Dışarıda yaza yakın bir bahar, bazen pişiyor bazen de bardaktan boşalırcasına yağan yağmurla ıslanıyoruz.
25 milyonluk azınlık, yine derin bir iç çekişteyiz. Duyarlılıklarımızı yitirmediğimiz; eşitlikten, özgürlükten, kimsenin ayrımcılığa uğramadığı ve bütün çiçekleriyle kardeşçe bir arada yaşadığı, açlığın, yoksulluğun bile paylaşıldığı bir dünya özlemimizden vazgeçmeyen bir iklimdeyiz. 25 milyonluk yalnızlığımıza gömülürken, anlam veremediğimiz bir tablonun içinden gülümsemeye takatimiz kalmamış halde bakınıyoruz.
Bu kadar haksızlık, yoksulluk, deprem gerçeği, ekonominin kötü durumu varken bir türlü anlayamıyoruz neden böyle olduğunu.
Yine de yaşamaya devam ediyoruz… Denizin dalgasından, güneşin batışından, dostlarla paylaştığımız masalardan keyif almayı sürdürüyor, “sonraki umuda, bir başka bahara” dek kabuğumuza çekiliyoruz.
Kimsenin serzenişlerini, siyasete dair tek bir cümleyi, yorumu duymak istemiyoruz bir süre. Kendimiz dahil kimseye katlanacak halimiz kalmadı. Yılların yorgunluğu birikti üzerimizde. Hep umutla başlayan, bu kez oldu dedirten, içimizdeki kelebekleri besleyen sonrasında daha pupa haldeyken kurutup bırakan bir umut.
Her seferinde…
Ne kadar çok da olsak hayal kırıklıklarımızdan bir destan yazacak kertedeyiz, her yerde bizi dürten sıkıntıların farkında olmaktan, hep mücadelede içinde olmaktan bitap düşmüşüz.
Kafamızı çevirdiğimiz yerde olumsuzlukları görüyor, düzeltmek için çaba gösteriyor ama başarılı olamıyoruz bir türlü. Çünkü çoğunluk haksızlıktan, kuralsızlıktan yana, kendi yaşamında da gemisini yürüten kaptan bu diyarda; gündelik yaşamından pek memnun insanlar.

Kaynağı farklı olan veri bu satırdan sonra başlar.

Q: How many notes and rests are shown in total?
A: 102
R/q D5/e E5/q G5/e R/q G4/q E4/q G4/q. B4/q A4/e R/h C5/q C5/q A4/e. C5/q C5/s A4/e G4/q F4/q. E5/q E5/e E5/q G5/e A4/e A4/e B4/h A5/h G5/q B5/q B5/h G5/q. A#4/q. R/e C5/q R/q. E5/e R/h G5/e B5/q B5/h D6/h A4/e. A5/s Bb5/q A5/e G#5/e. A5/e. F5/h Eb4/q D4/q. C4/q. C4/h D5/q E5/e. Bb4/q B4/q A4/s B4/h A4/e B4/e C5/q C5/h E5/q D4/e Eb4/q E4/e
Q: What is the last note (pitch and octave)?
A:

Örneğin pahalılık dertleri değil bizim gibi, alışveriş torbalarını doldururken ekonomi uzmanı olmak durumunda kalmıyorlar. Bir marketten deterjanı, diğerinden peyniri, öbüründen yumurtayı daha ucuza almanın derdine düşmüyorlar.
Örneğin bir yıl önce bin beş yüz ya da iki bin lira kira verdikleri evlerin şimdi en ucuzundan beş bin lira olmasını kafalarına takmıyorlar.

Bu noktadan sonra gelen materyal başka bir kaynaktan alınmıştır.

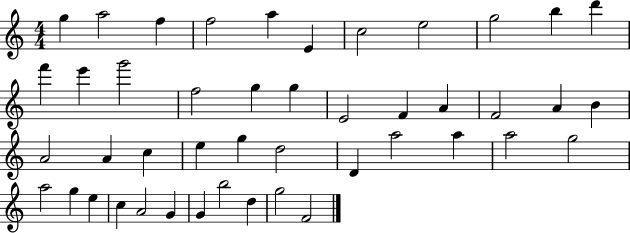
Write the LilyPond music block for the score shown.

{
  \clef treble
  \numericTimeSignature
  \time 4/4
  \key c \major
  g''4 a''2 f''4 | f''2 a''4 e'4 | c''2 e''2 | g''2 b''4 d'''4 | \break f'''4 e'''4 g'''2 | f''2 g''4 g''4 | e'2 f'4 a'4 | f'2 a'4 b'4 | \break a'2 a'4 c''4 | e''4 g''4 d''2 | d'4 a''2 a''4 | a''2 g''2 | \break a''2 g''4 e''4 | c''4 a'2 g'4 | g'4 b''2 d''4 | g''2 f'2 | \break \bar "|."
}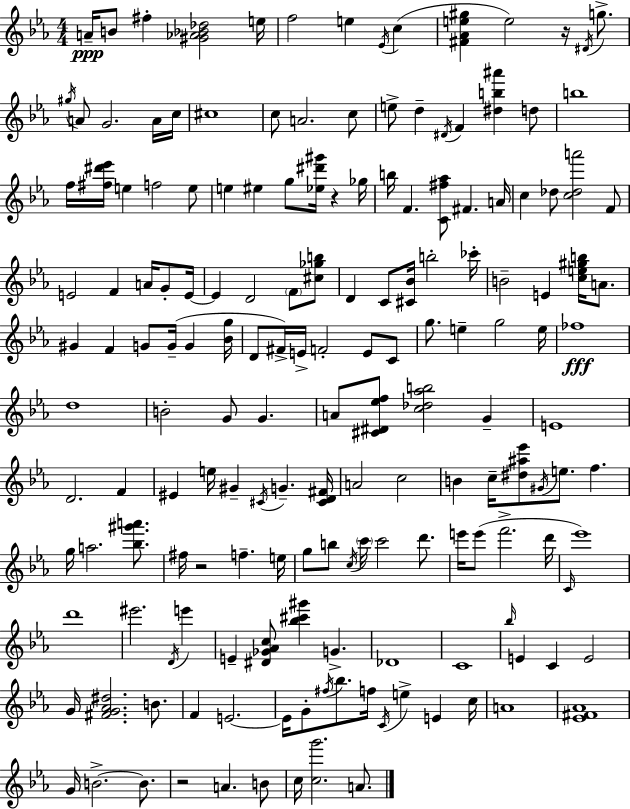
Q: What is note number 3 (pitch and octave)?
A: F#5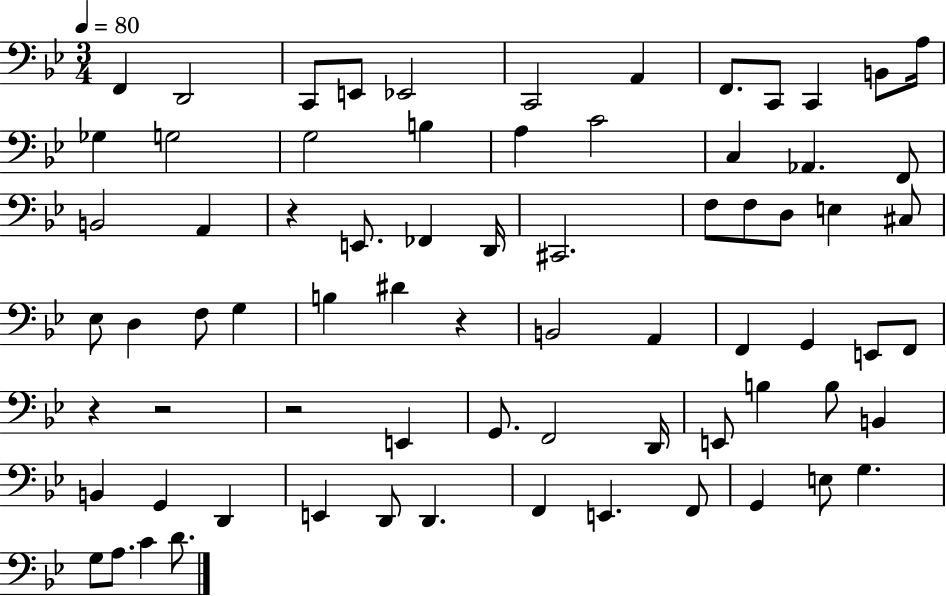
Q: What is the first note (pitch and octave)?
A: F2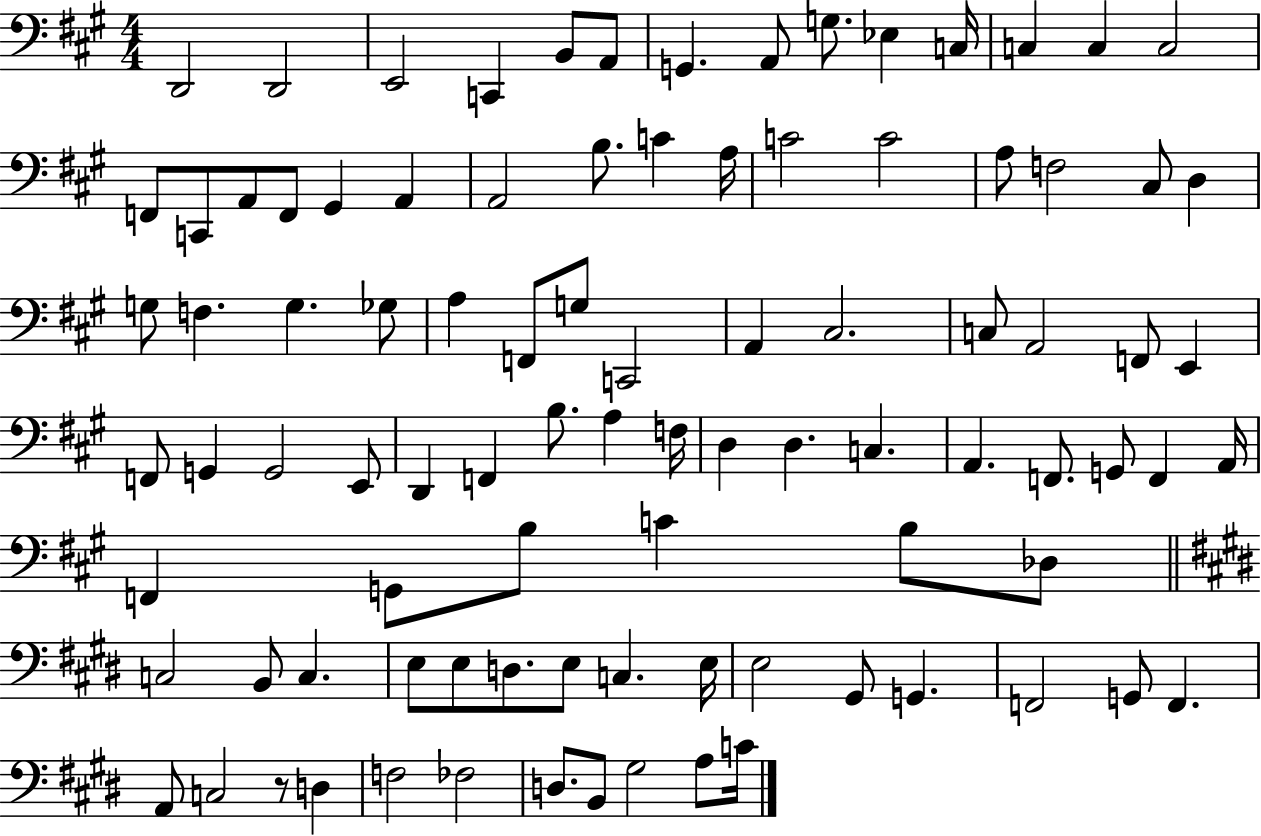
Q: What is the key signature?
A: A major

Hem dolarla mı alıyoruz maaşları canım, dolar 30 lira olacakmış, umurlarında değil. En önemlisi düzen bozulmasın, istikrar yara almasın değil mi ama…
Biz ise sabah kalkıp piyasaya bakıyor, eyvah eyvah dolu fısıltılarla daha kahvaltıda kendimize günü zehir ediyoruz. Bir şeyler değişmeli derken kendi içimizi kemirip kendimize bugünü de geleceği de zehir ediyoruz.
Özgürlük de neymiş, içimize anlatalım düşüncelerimizi, sesimiz çıkmasın -hem her koyun kendi bacağından asılmaz mı? Asılsın işte kafanı çevir otur oturduğun yerde. Rahat et, çok olsan da dert etme, çoğunluk gibi mutlu ol geç!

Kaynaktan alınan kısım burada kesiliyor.